WHAT IS BEING ASKED ▸
Take the material below and reproduce, word for word, only the lines from the line with "Christ The Redeemer At Sunset Poster" through the line with "Iris Brown &".

AVAILABLE DATA ▸
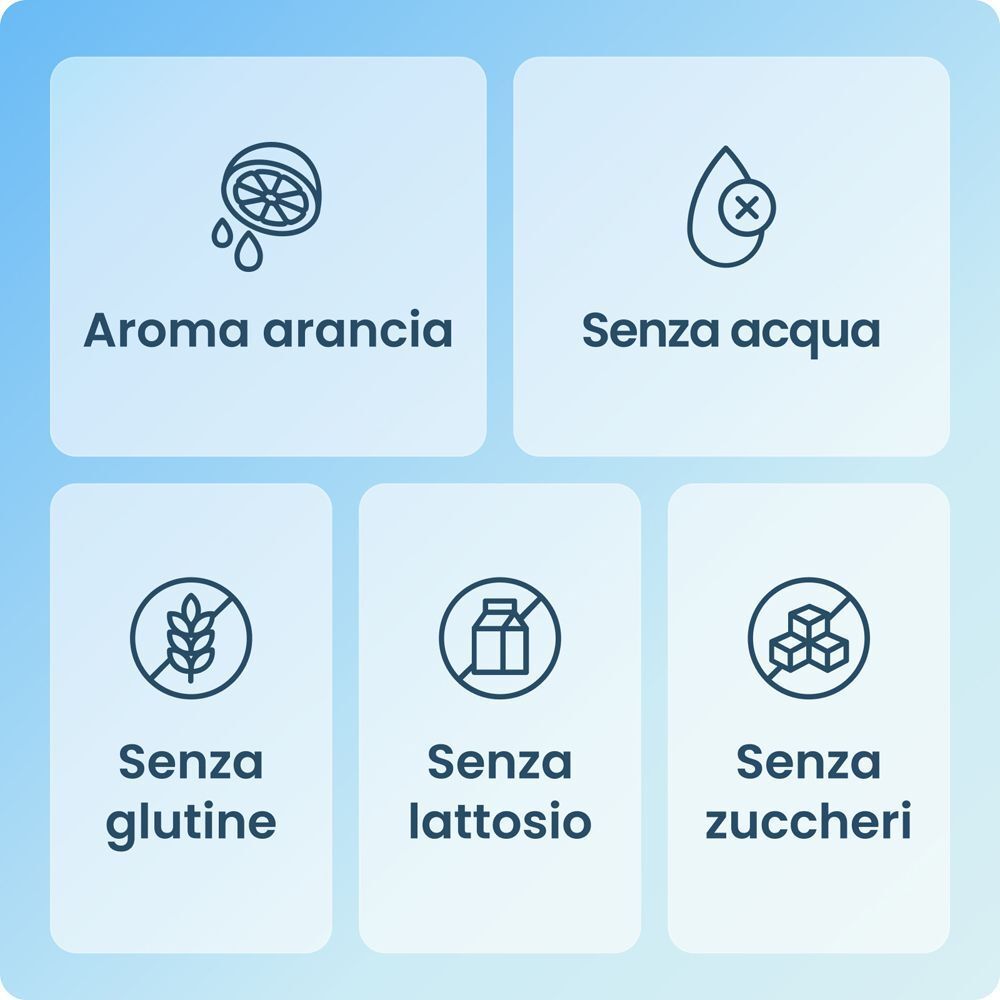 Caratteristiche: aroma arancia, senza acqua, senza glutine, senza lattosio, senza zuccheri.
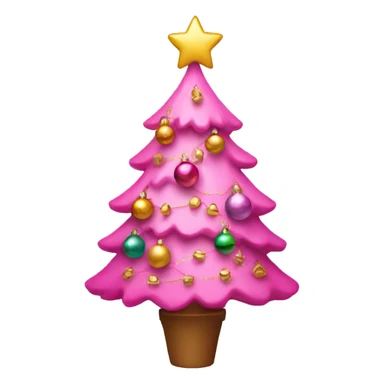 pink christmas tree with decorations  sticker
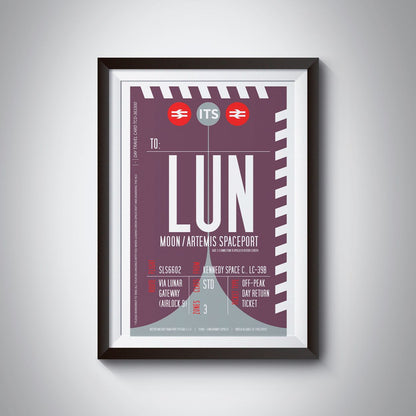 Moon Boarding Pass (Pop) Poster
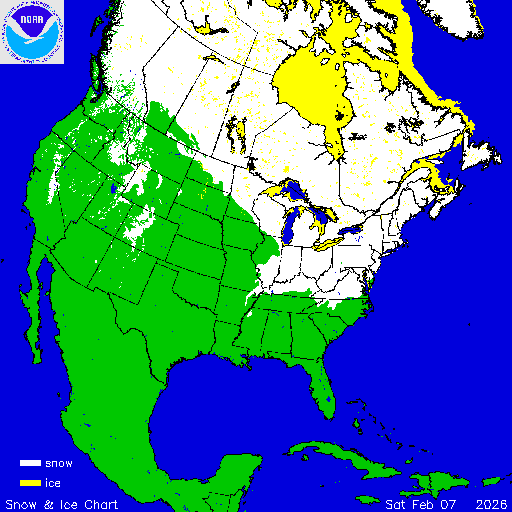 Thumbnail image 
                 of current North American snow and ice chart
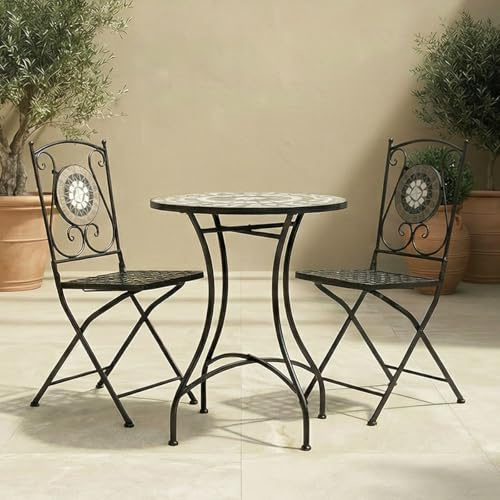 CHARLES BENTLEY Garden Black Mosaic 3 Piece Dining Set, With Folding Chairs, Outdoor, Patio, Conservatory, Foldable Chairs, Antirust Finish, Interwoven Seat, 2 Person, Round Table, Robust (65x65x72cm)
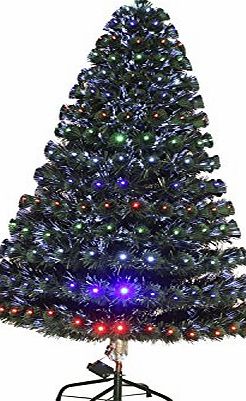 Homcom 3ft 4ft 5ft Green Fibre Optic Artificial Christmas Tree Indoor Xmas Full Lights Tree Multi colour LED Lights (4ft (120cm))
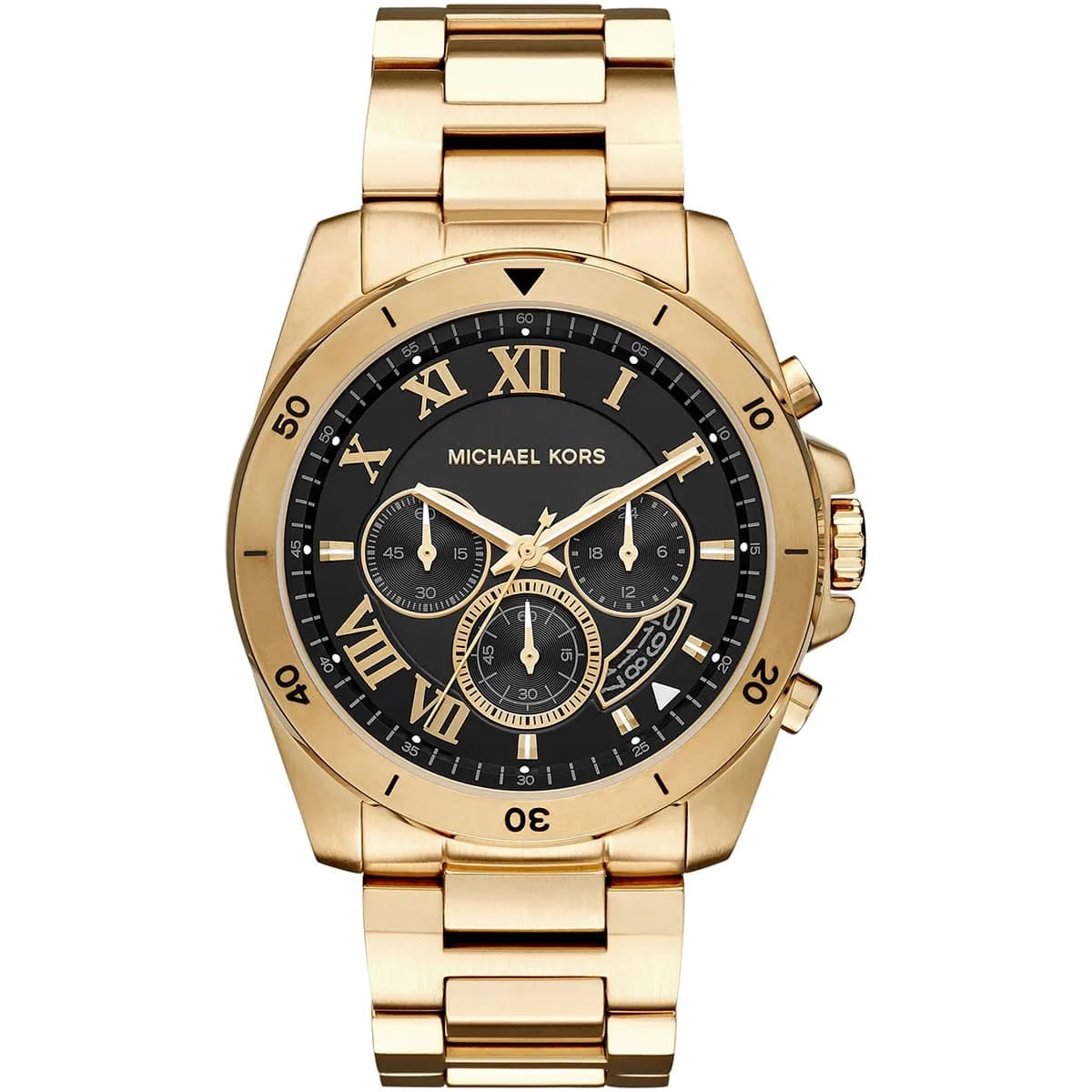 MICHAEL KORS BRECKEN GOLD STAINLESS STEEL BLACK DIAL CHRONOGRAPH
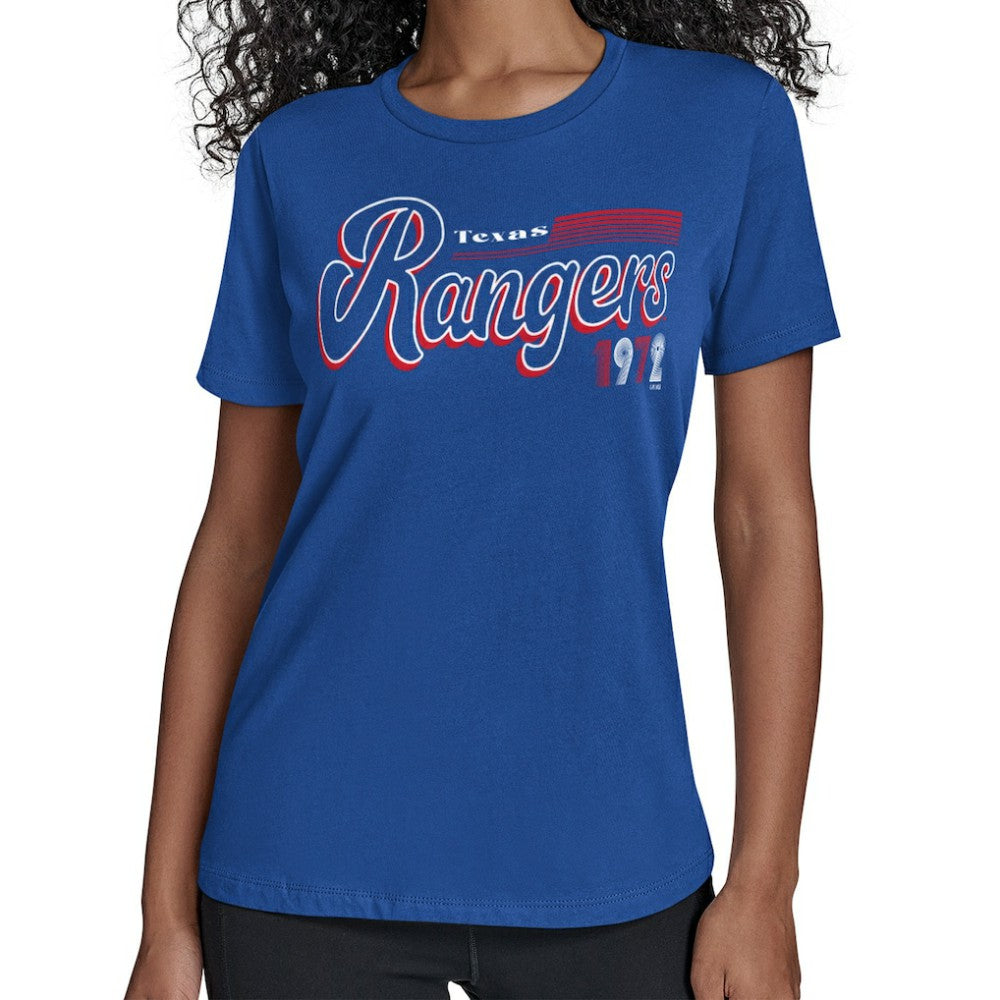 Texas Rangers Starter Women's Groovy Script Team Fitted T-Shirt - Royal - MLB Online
---
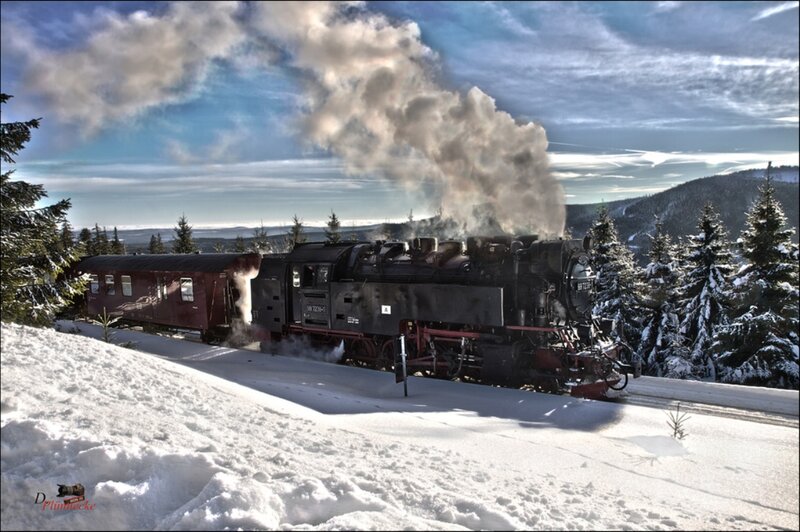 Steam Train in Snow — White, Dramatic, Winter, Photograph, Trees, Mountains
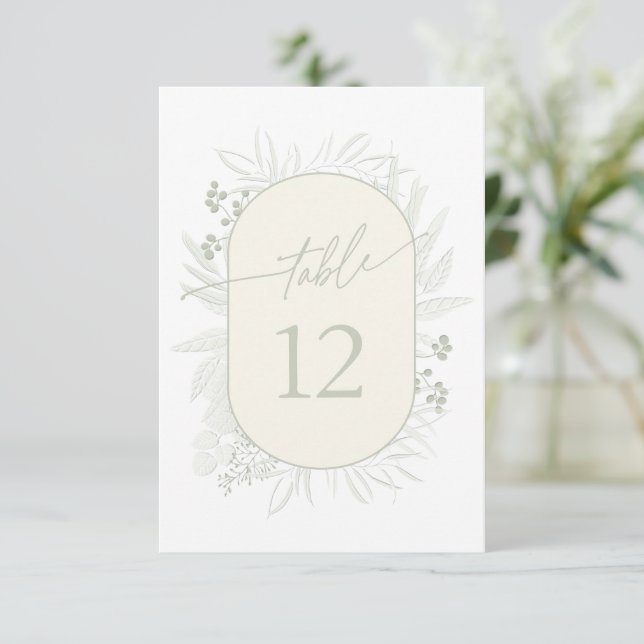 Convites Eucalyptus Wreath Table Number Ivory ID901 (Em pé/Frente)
...
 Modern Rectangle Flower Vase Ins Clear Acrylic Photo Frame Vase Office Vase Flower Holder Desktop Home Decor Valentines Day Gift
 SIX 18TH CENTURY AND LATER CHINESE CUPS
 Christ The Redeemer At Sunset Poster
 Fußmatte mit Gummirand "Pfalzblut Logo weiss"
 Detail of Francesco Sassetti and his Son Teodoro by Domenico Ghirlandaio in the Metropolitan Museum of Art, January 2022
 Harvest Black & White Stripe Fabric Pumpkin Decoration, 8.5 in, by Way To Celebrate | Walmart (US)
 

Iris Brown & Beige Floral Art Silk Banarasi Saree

REPLY ▸
 Christ The Redeemer At Sunset Poster
 Fußmatte mit Gummirand "Pfalzblut Logo weiss"
 Detail of Francesco Sassetti and his Son Teodoro by Domenico Ghirlandaio in the Metropolitan Museum of Art, January 2022
 Harvest Black & White Stripe Fabric Pumpkin Decoration, 8.5 in, by Way To Celebrate | Walmart (US)
 

Iris Brown & Beige Floral Art Silk Banarasi Saree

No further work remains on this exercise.